Lompat Kelas

heriwidianto
Chapter #12

Dua Belas

Semalam Miranda susah tidur. Selain mendengar racauan Sriatun menembus sampai dinding kamar, benaknya juga sibuk menimbang akan diapakan kartu debit yang dipinjamkan Emak kepadanya, selain untuk membeli ponsel pintar baru. Sebenarnya banyak barang yang diinginkannya, tetapi kompas moralnya seperti mengingatkan. Kamu bukan pencuri. Akibatnya, mirip kuda nil, Miranda sembunyi-sembunyi menguap supaya tidak ditegur gurunya yang sedang mengajar.

Begitu bel istirahat berbunyi, kantuk Miranda perlahan lenyap. Mungkin karena efek euforia. Dia kembali sibuk berselancar di dunia maya. Sembari menghabiskan roti sisa dari mal semalam meski agak keras, Miranda mencari beberapa toko ponsel daring untuk perbandingan harga ponsel pintar yang diinginkannya, dengan lebih dulu khatam mempelajari spesifikasinya.

Ketika asyik menggulir laman sosial media, mirip ekor komet yang menghilang dalam hitungan detik, sebuah peringatan menghampiri benak Miranda. Kamu kan belinya pakai uang emakmu? Mau berapa pun harganya kayaknya nggak masalah. Tinggal gesek. Miranda melemparkan ponsel bututnya ke dalam laci dengan raut jengkel. Buat apa aku begadang sampai mata pandaku membengkak menonton konten Youtube, mulai dari David GadgetIn sampai Putu Reza, sekadar untuk mencari pembanding?

Belum juga kekesalannya menghilang, Enggar meraih kue yang akan digigitnya dan mencaploknya sampai mulutnya penuh. Bola mata Miranda melebar dibuatnya. Umpatan sudah merangkak naik dari dalam perut.

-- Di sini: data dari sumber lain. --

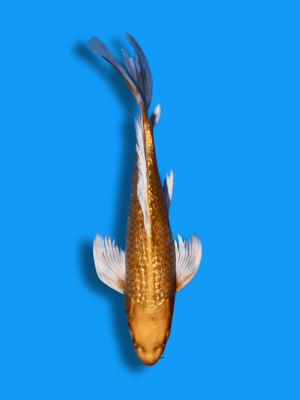 Butterfly Ginrin Yamabuki | Koi&Co.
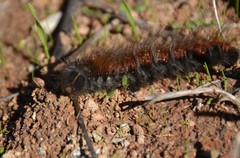 Macrothylacia digramma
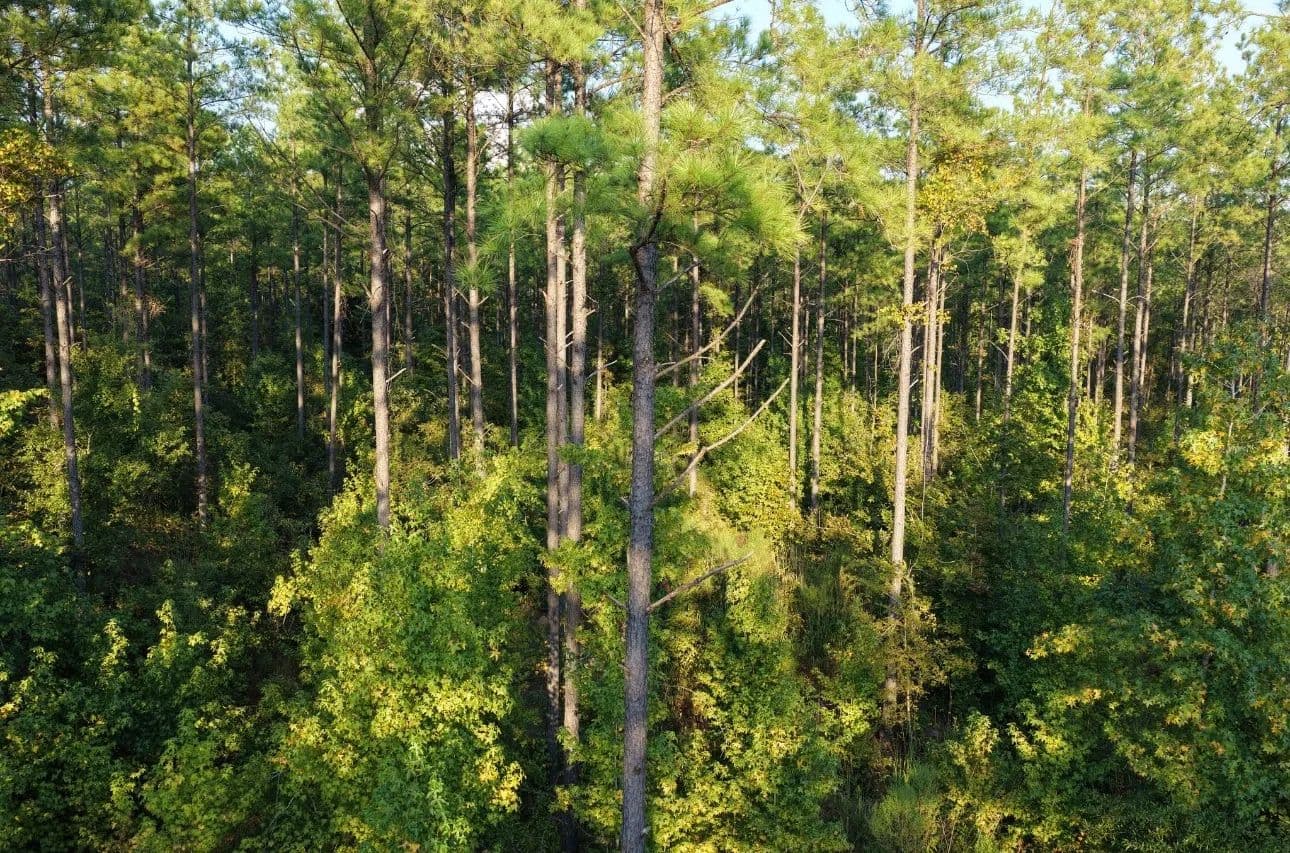 121.28 Acres in Oktibbeha County, MS  - Maben, Mississippi, 39750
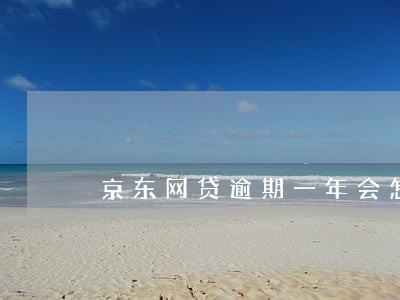 京东网贷逾期一年会怎么样 京东网贷逾期一年会怎么样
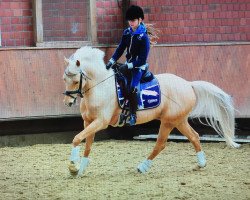 Dressurpferd Royal Classic 11 (Deutsches Reitpony, 2008, von Stukhuster Ricardo Go For Gold)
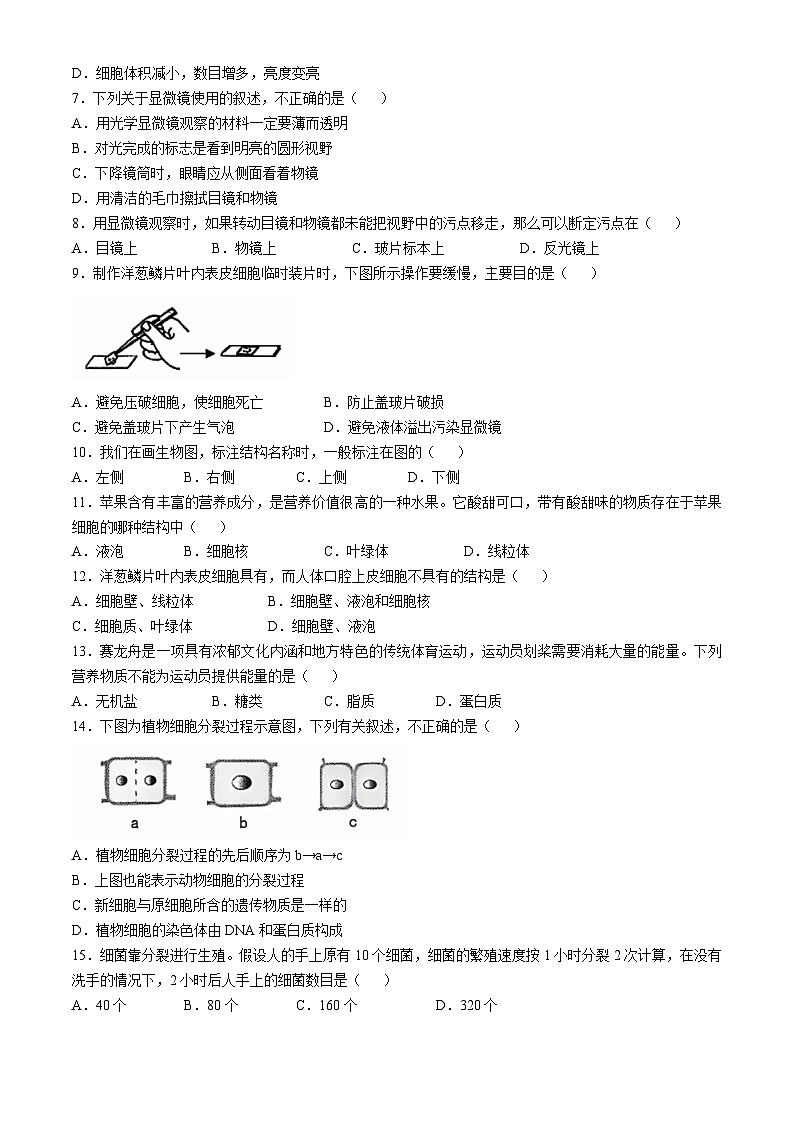 云南省昭通市绥江县2024-2025学年七年级上学期期中生物学试题02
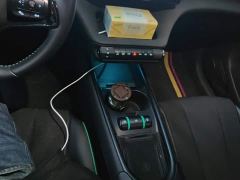 BYD Dolphin Glory Edition 401km Knight Edition - ფოტო 16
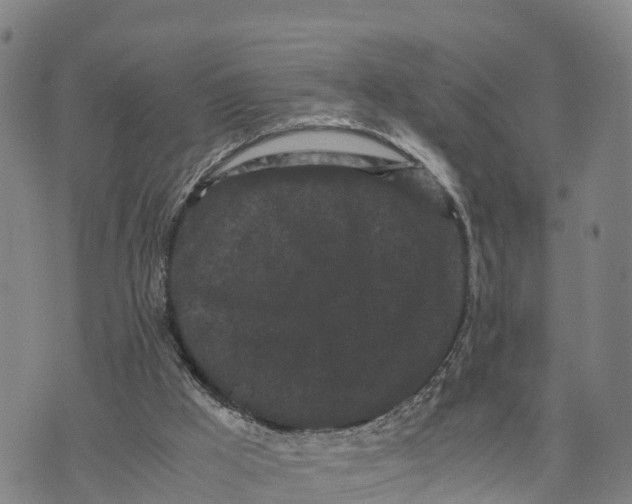 X0000072530009200608041609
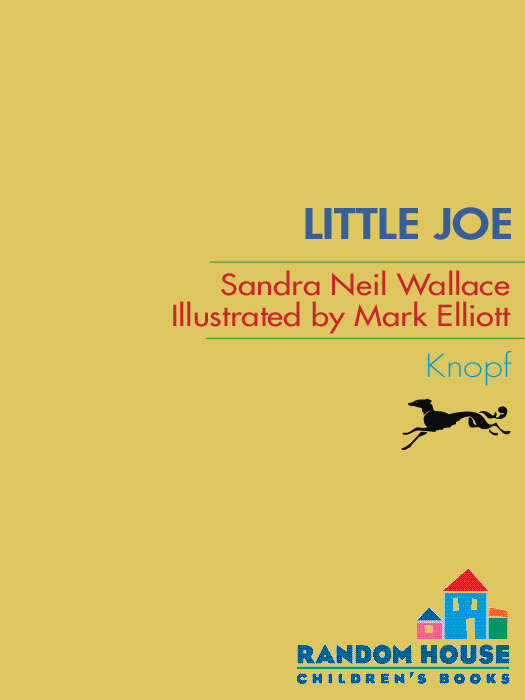 Little Joe (2010) by Sandra Neil Wallace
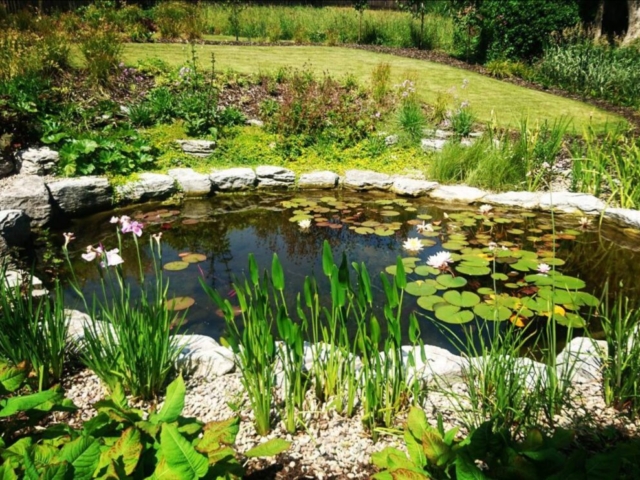 One Year After Completion Showing Stepped Pontoons & Planting Pond Landscaping Devon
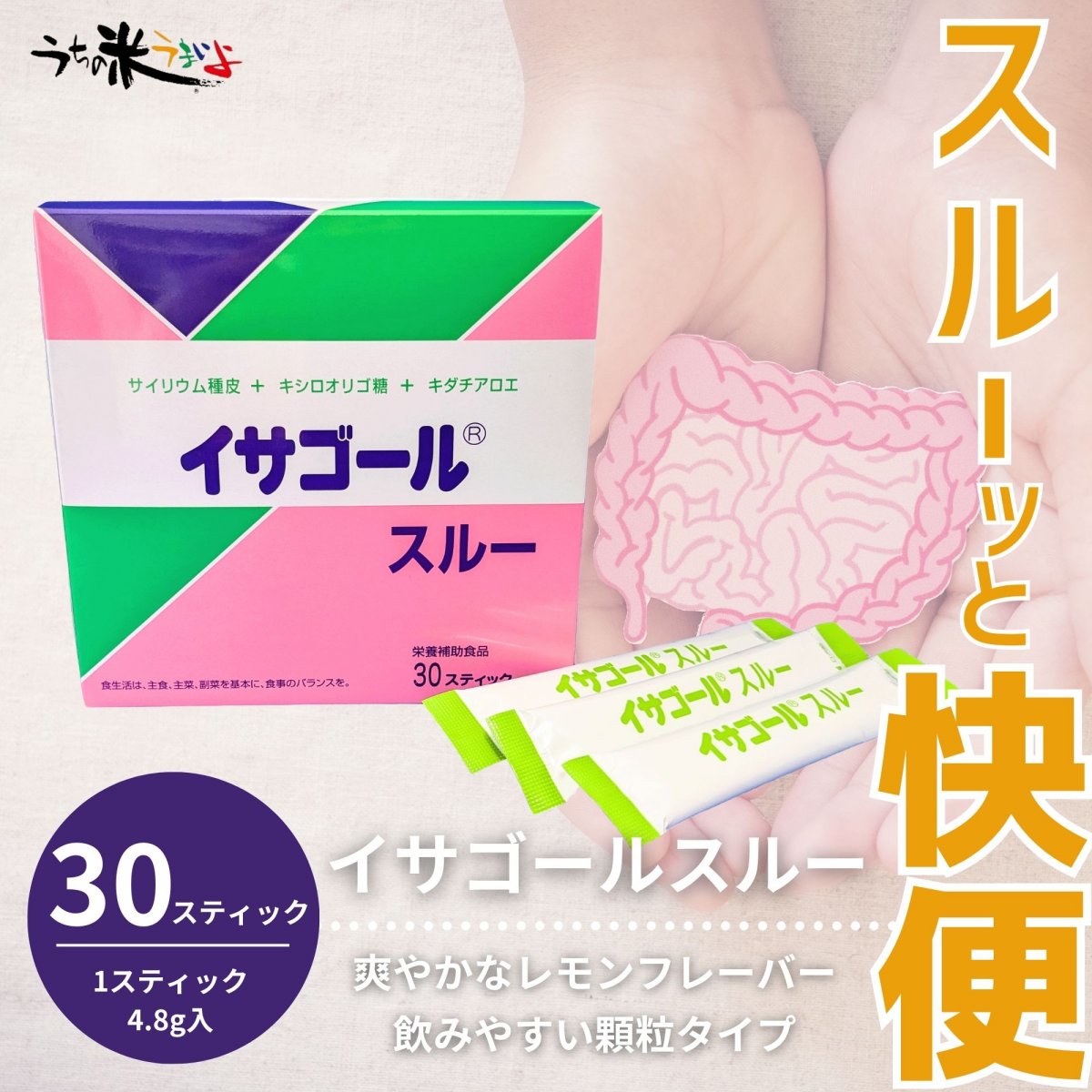 1箱4.8ｇ×30スッテック入り　【イサゴールスルー】食物繊維加工食品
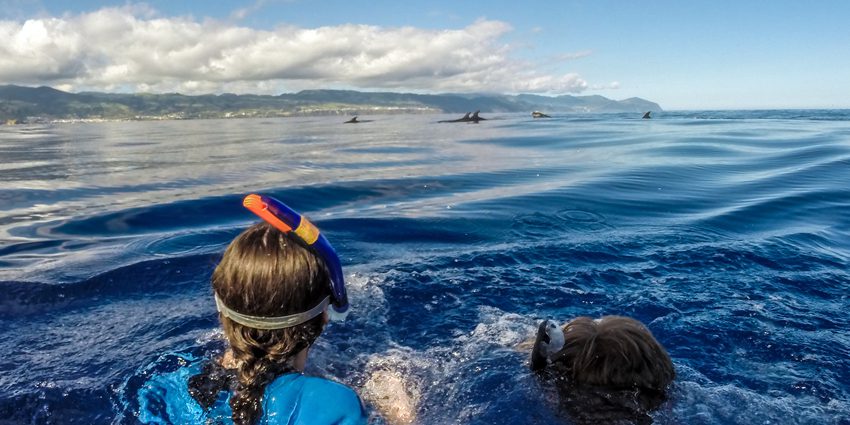Azores Swim with Dolphins Atlantic Experience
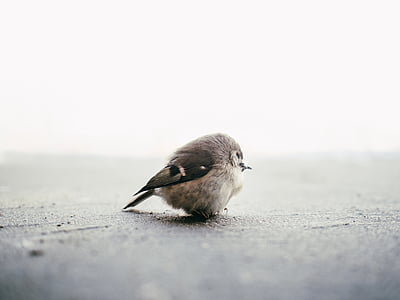 새, 동물, 귀여운, 작은, 작은, 깃털, 자연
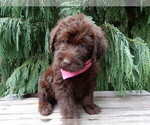 Small #3 Labradoodle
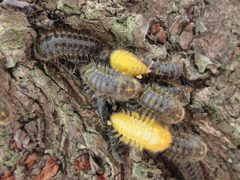 Cerogria janthinipennis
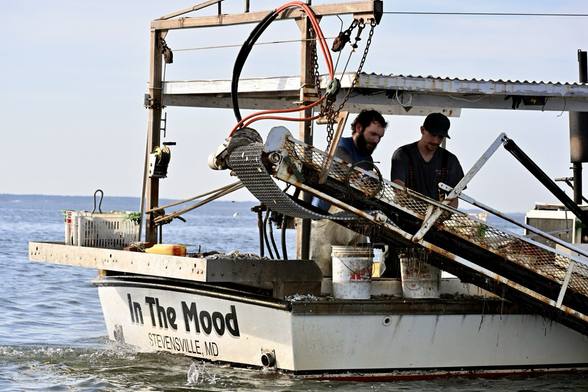 Two men harvesting clams off a conveyor belt on a workboat called In the Mood.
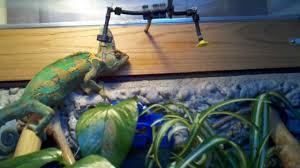 Automatic Reptile Mister Bltcollege In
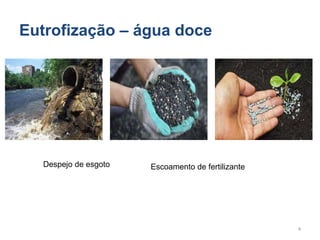 Despejo de esgoto
Eutrofização – água doce
Escoamento de fertilizante
4
 
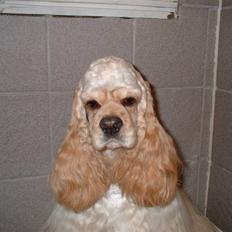 Amerikansk cocker spaniel Nellie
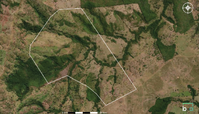 Fazenda com 306ha em Colinas do Tocantins/TO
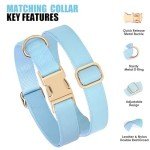 Blue Leather Dog Collar and Leash Set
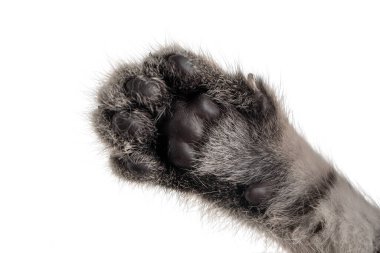 Beyaz arka planda izole edilmiş bir kedi patisinin ayrıntıları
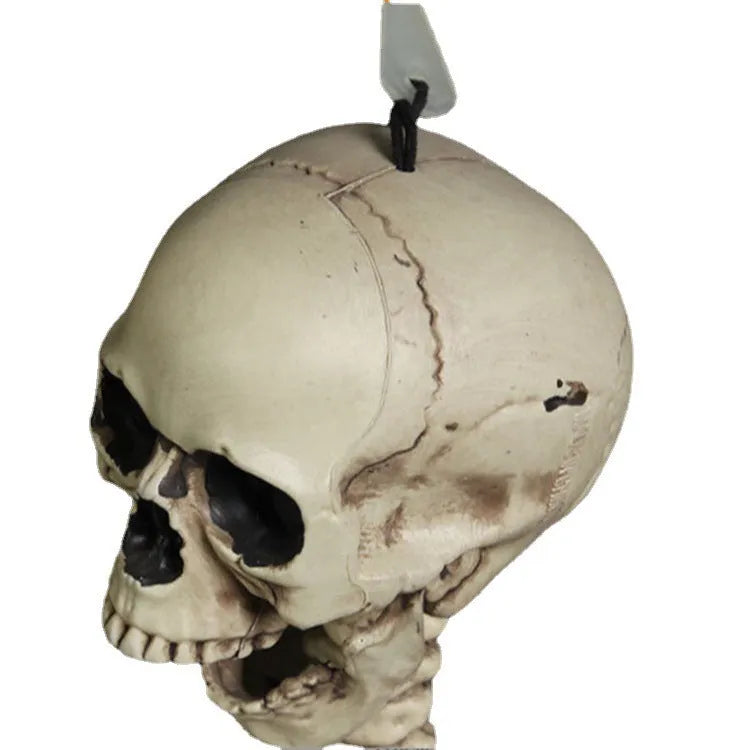 Plastic skeleton prop standing 170cm tall with detailed skull and articulated joints for anatomical study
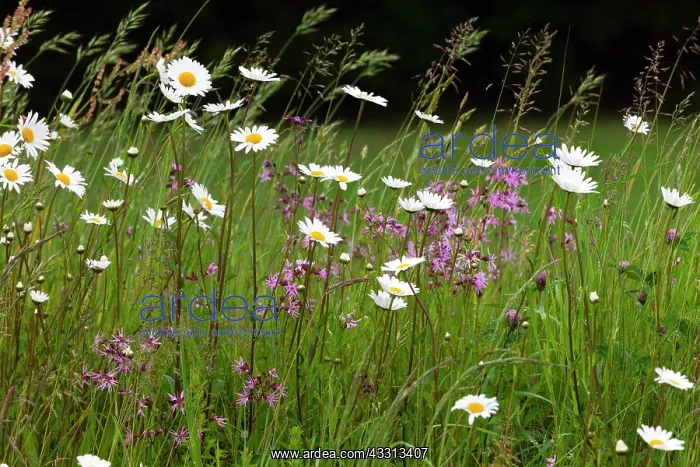 : 80186083 Wild Flowers - Ox-eye Daisies and Ragged : 80186083 Wild Flowers - Ox-eye Daisies and Ragged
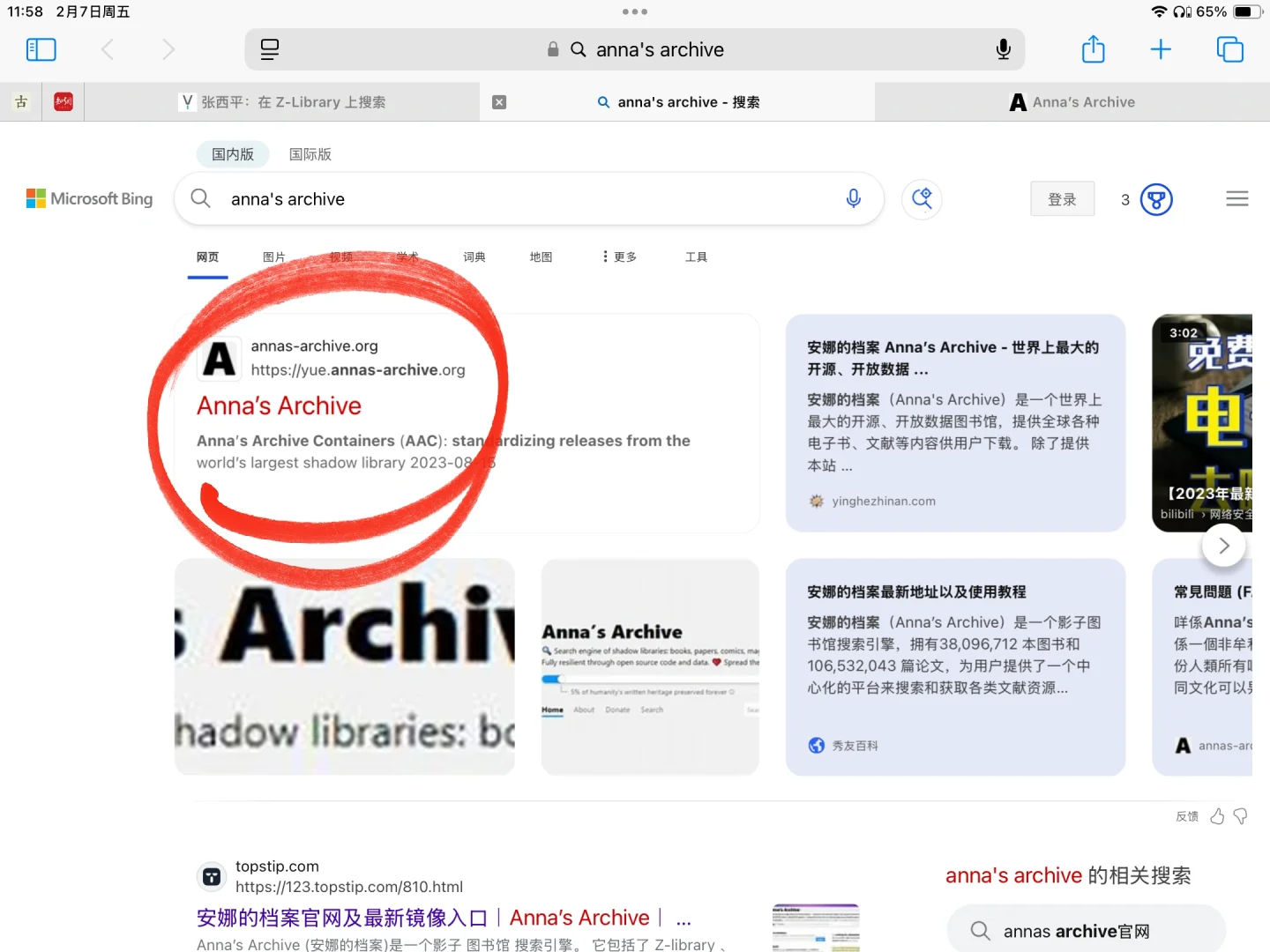 safari浏览器：zlibrary文件保存到网盘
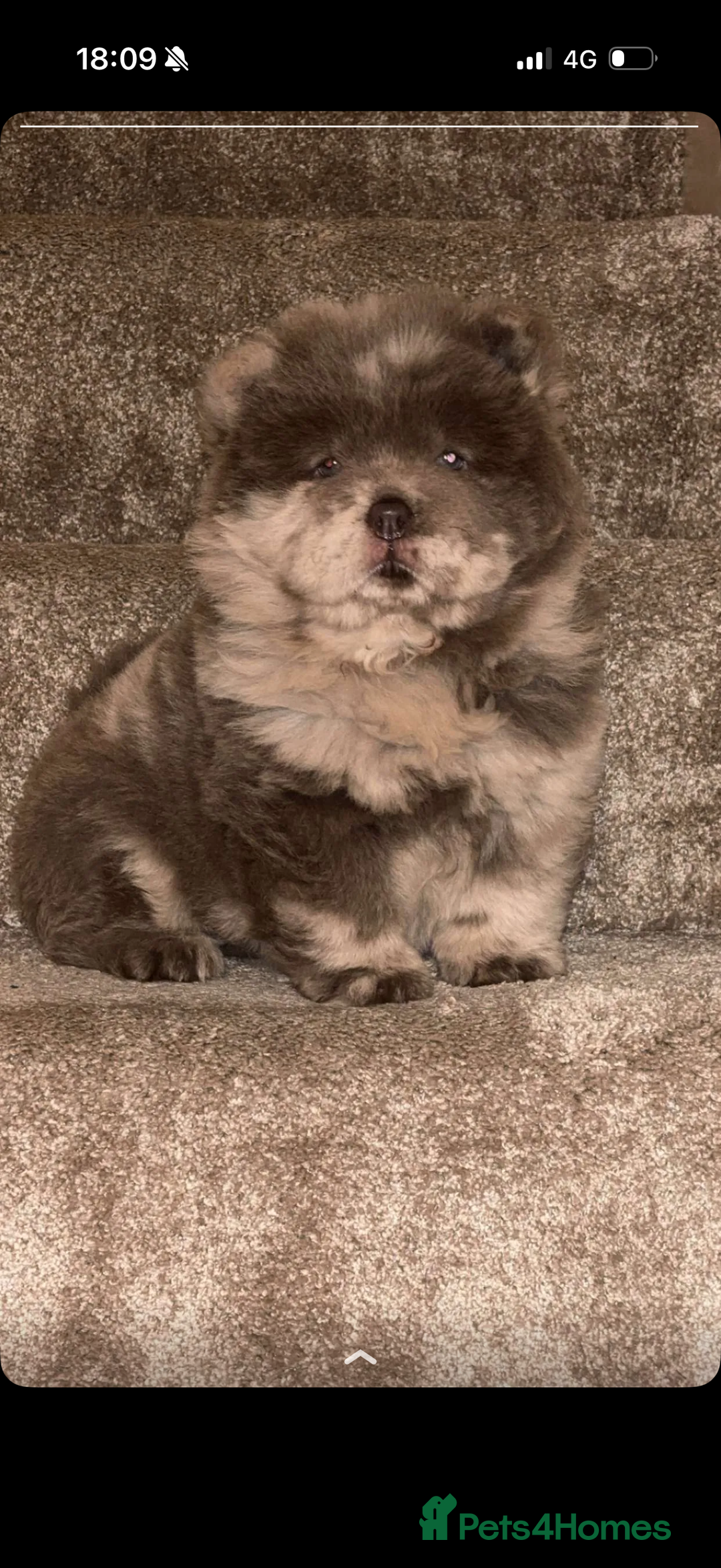 Chow Chow dogs for sale: Lilac Merle and lilac chow chow puppies for sale  - Advert 1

“A… ku la… par,” kata Enggar di sela-sela kunyahan. Nyam… nyam… nyam. “A… ku… nggak… ke... kan… tin so… al… nya… u… ang sa… ku… ku ke… ting… ga… lan di… rumah,” tandasnya, berbarengan dengan lumatan geliginya.

Tiba-tiba Enggar mendelik dan memukul-mukul lengan Miranda sambil memegangi tenggorokannya.

“Jangan bilang kamu ketempelan jin pemakan kue orang,” kata Miranda sambil menghindari tepakan ringan yang berubah menjadi tinjuan.

“Minta air, bego!”

Lekas, Miranda meraih botol air minum yang dibawa dan disembunyikannya di dalam tas, kemudian menyodorkan dan membantu mengurut punggung teman satu bangkunya itu supaya klep antara jalan napas dan jalan makan segera terpisah kembali.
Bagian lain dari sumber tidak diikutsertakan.